Since the block layer and the SCSI layer do not distinguish between
queuable (NCQ) and non queueable (non-NCQ) commands, libata-scsi SAT
implementation must ensure forward progress for non-NCQ commands in the
presence of NCQ command traffic. This is similar to what SAS HBAs with a
hardware/firmware based implementation do.

Implement such forward progress guarantee by limiting requeueing of
non-NCQ commands: when a non-NCQ command is received and NCQ commands
are in-flight, do not force a requeue of the non-NCQ command by
returning SCSI_MLQUEUE_XXX_BUSY in ata_scsi_translate() and instead
hold on to the qc using the new deferred_qc field of struct ata_port.

This deferred qc will be issued using the work item deferred_qc_work
running the function ata_scsi_deferred_qc_work() once all in-flight
commands complete, which is checked with the port qc_defer() callback
indicating that no further delay is necessary. This check is done using
the helper function ata_scsi_schedule_deferred_qc() which is called from
ata_scsi_qc_complete(). This thus excludes this mechanism from all
internal non-NCQ commands issued by ATA EH.

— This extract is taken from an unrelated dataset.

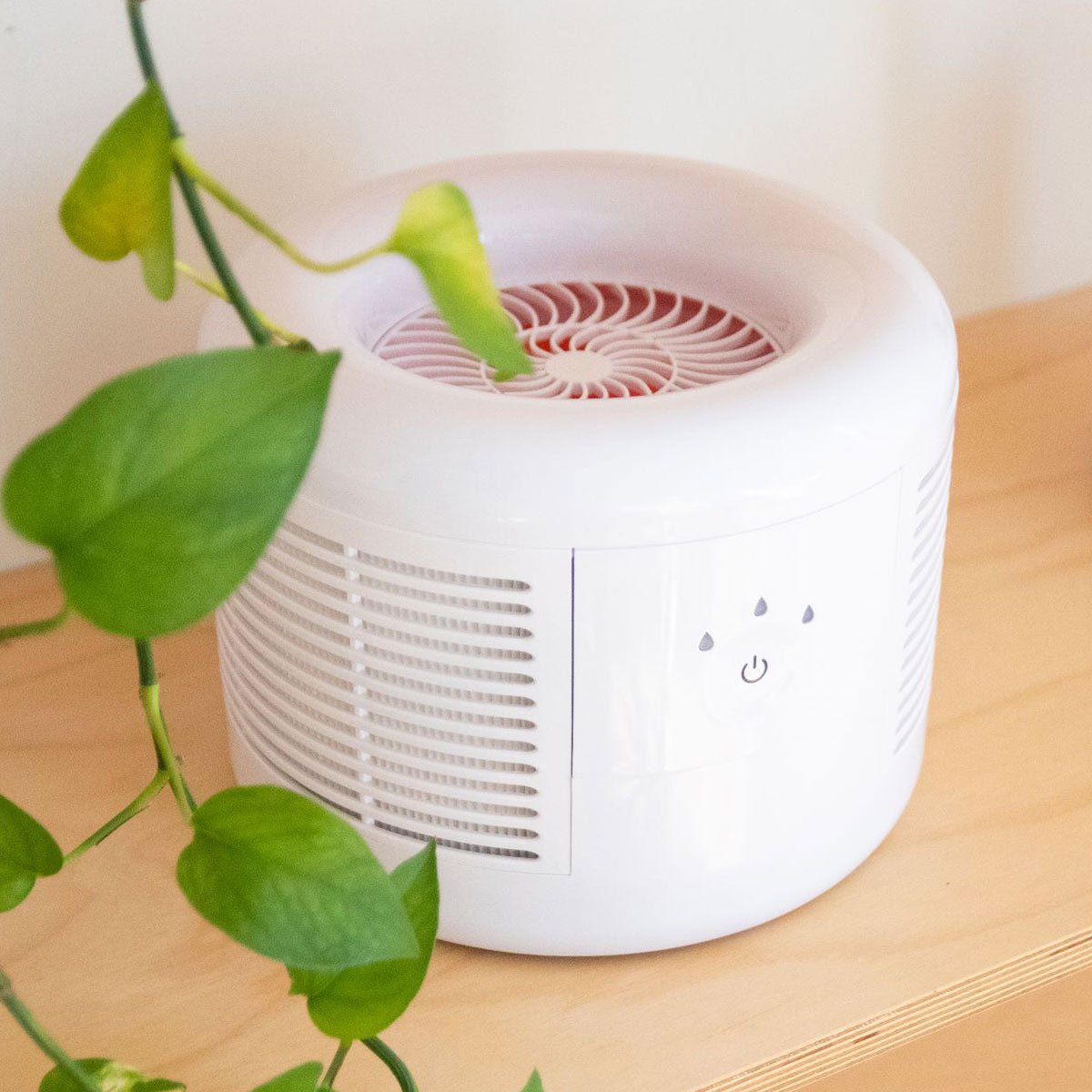 212176-z1.jpg Compact Air Purifier - Image 1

When a port deferred_qc is non NULL, that is, the port has a command
waiting for the device queue to drain, the issuing of all incoming
commands (both NCQ and non-NCQ) is deferred using the regular busy
mechanism. This simplifies the code and also avoids potential denial of
service problems if a user issues too many non-NCQ passthrough commands.

Finally, whenever ata EH is scheduled, regardless of the reason, a
deferred qc is always requeued so that it can be retried once EH
completes. This is done by calling the function
ata_scsi_requeue_deferred_qc() from ata_eh_set_pending(). This avoids
the need for any special processing for the deferred qc in case of NCQ
error, link or device reset, or device timeout.

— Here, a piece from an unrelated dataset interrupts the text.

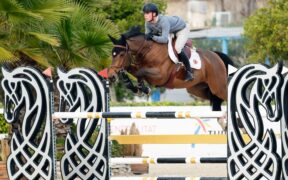 Bozza automatica 275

Reported-by: Xingui Yang <yangxingui@huawei.com>
Reported-by: Igor Pylypiv <ipylypiv@google.com>
Fixes: 42f22fe36d51 ("scsi: pm8001: Expose hardware queues for pm80xx")
Cc: stable@vger.kernel.org
Signed-off-by: Damien Le Moal <dlemoal@kernel.org>
---
 drivers/ata/libata-core.c |  1 +
 drivers/ata/libata-eh.c   |  6 +++
 drivers/ata/libata-scsi.c | 93 ++++++++++++++++++++++++++++++++++++++-
 drivers/ata/libata.h      |  2 +
 include/linux/libata.h    |  3 ++
 5 files changed, 104 insertions(+), 1 deletion(-)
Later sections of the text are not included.